本作は主人公ローラが19歳の頃に起きた事件を回想し手記にしたためたという形式ではじまります。ローラはオーストリアのシュタイアーマルクで父と共に城で暮らしていました。幼い頃に母を亡くし、父と娘のほかには数人の使用人だけで、もっとも近い村まで7マルクも離れていたことからローラはひとり寂しく過ごす日々を過ごしていました。

ある晩ローラがふと目を覚ますと、そこには見知らぬ美しい女性がいました。女性はローラのベッドに入り、ローラを優しく抱きしめ、安心したローラはそのまま眠ってしまいます。
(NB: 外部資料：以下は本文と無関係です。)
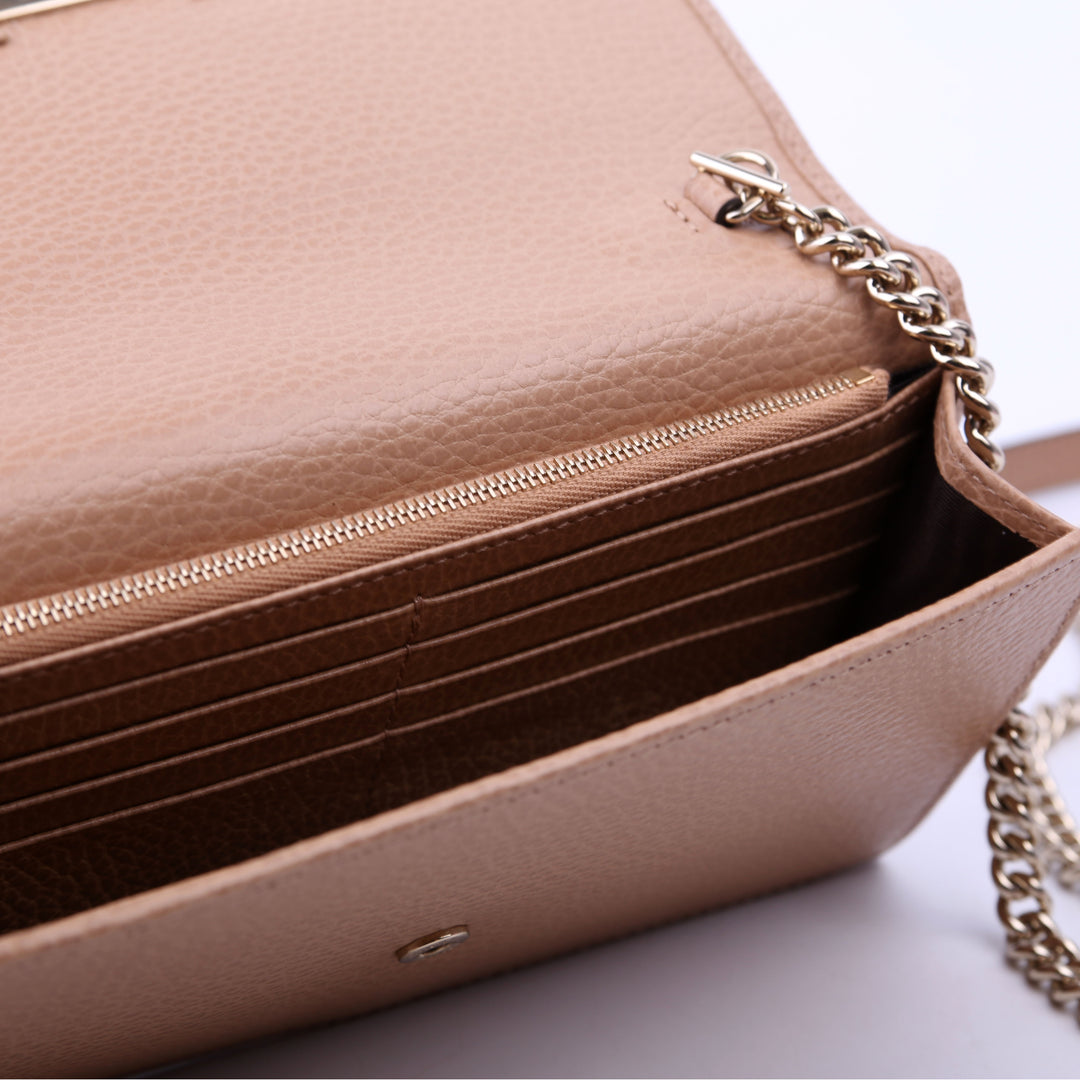 615523 Interlocking GG WOC Calfskin Tan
しかし眠った途端に胸を刺されたような痛みが走り、その痛みのあまり泣き叫んでしまいます。驚いた女中たちがやってきたものの、ベッドの下に逃げたはずの女性はいくら探しても出てこず、ローラはその後不安な日々を過ごすことになるのでした。

それから何日か経ったのち、近所に住むスピエルドルフ将軍からローラの父へと手紙が届き、将軍の姪が亡くなったことを知らされます。将軍は姪を溺愛していたことから、取り乱しており、加えて怪物を退治するという要領を得ない決意が描かれていました。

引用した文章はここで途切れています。